[Try it]
Repeat the data that follows in full. Do not include the pictures.

Image-text web data

Start of Block

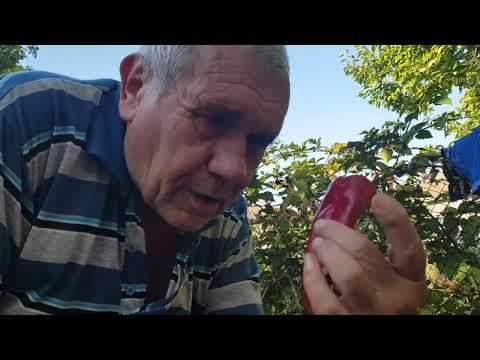 Видео: 🌶️ПЕЧЕМ ЧУШКИ/ БЪРЗА МАНДЖА С ЧУШКИ И ЛУК 🌶️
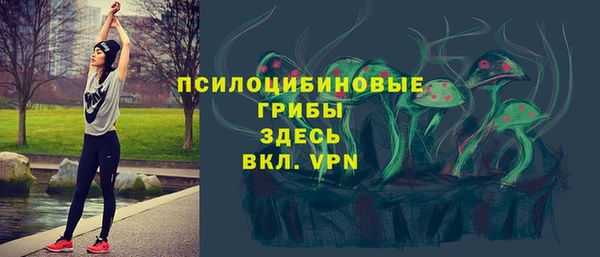 бошки Бугульма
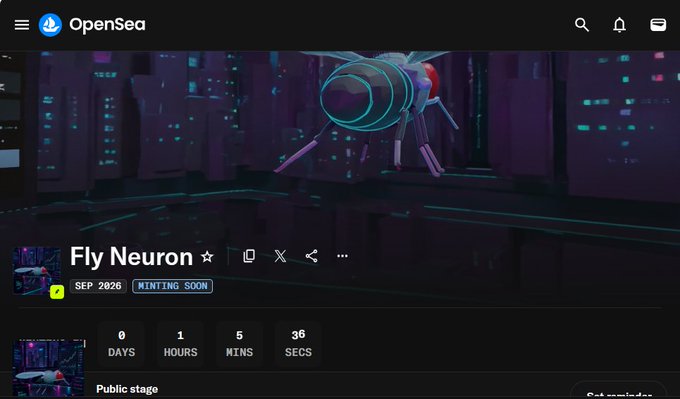 An OpenSea webpage showing a 'Fly Neuron' NFT collection minting soon in September 2026, with a countdown timer of 0 days, 1 hour, 5 minutes, and 36 seconds.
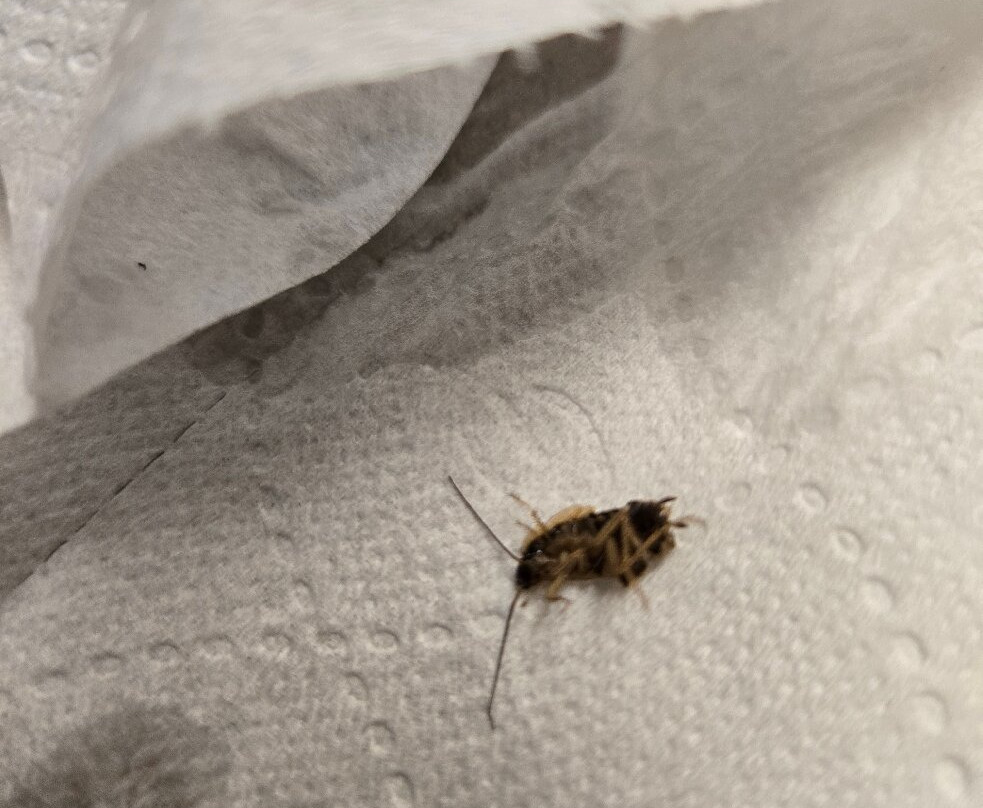 Econo Lodge Inn & Suites主图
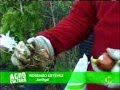 Plantas Ornamentales Bulbosas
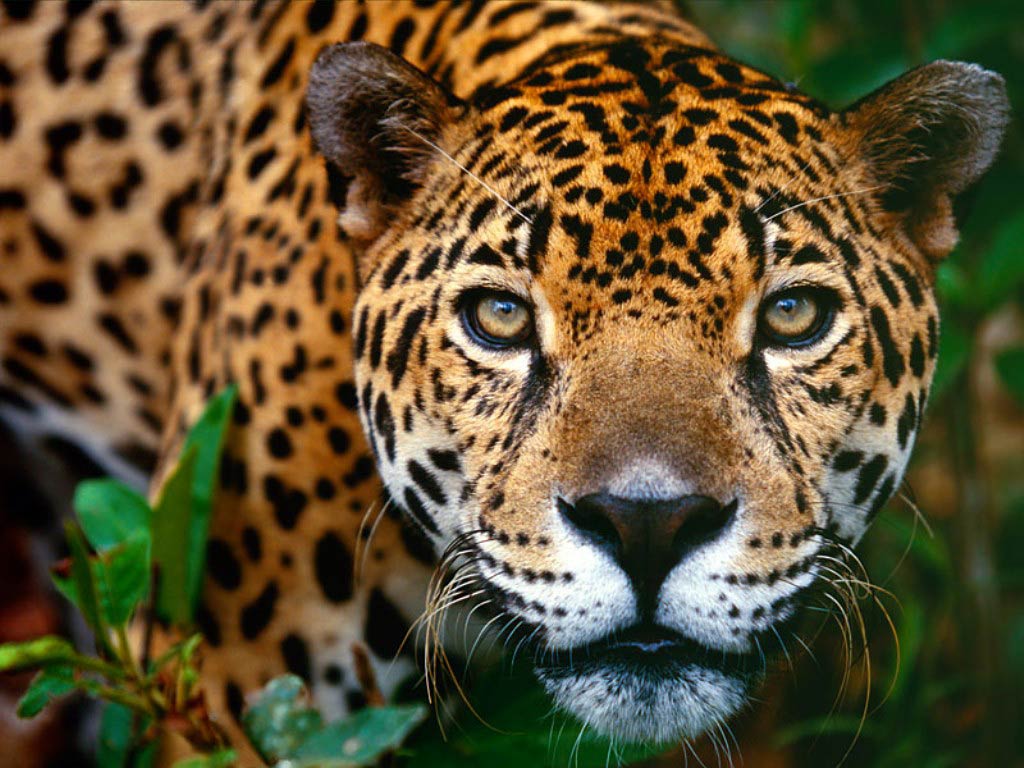 jaguar wallpaper nature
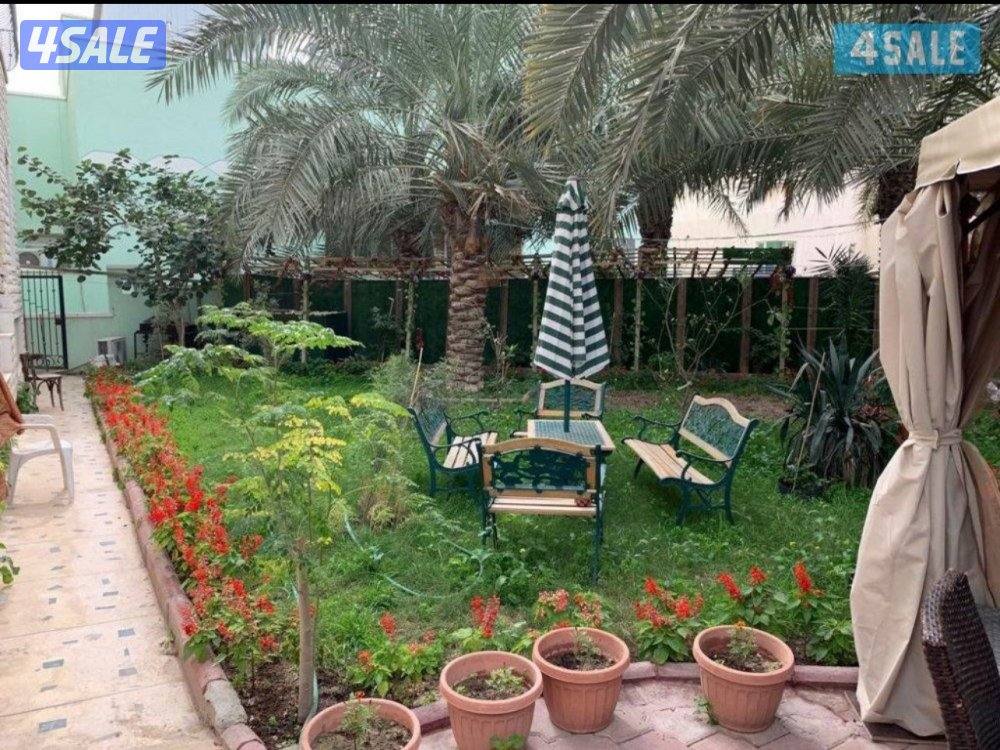 جواخير للبيع هجن الجهراء0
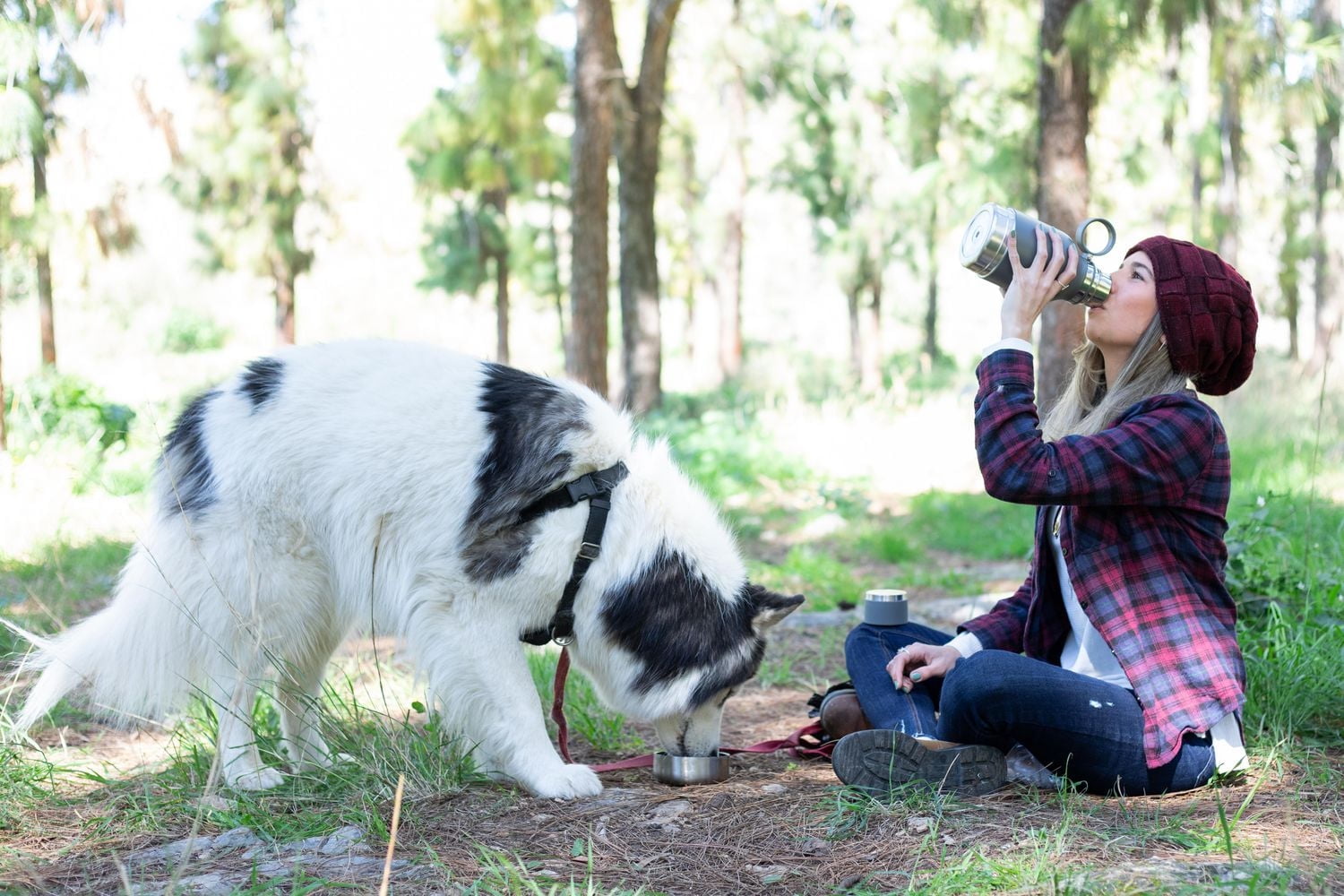Asobu BOUTEILLE CHIEN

End of Block

[Task answer]
 Видео: 🌶️ПЕЧЕМ ЧУШКИ/ БЪРЗА МАНДЖА С ЧУШКИ И ЛУК 🌶️
 бошки Бугульма
 An OpenSea webpage showing a 'Fly Neuron' NFT collection minting soon in September 2026, with a countdown timer of 0 days, 1 hour, 5 minutes, and 36 seconds.
 Econo Lodge Inn & Suites主图
 Plantas Ornamentales Bulbosas
 jaguar wallpaper nature
 جواخير للبيع هجن الجهراء0
Asobu BOUTEILLE CHIEN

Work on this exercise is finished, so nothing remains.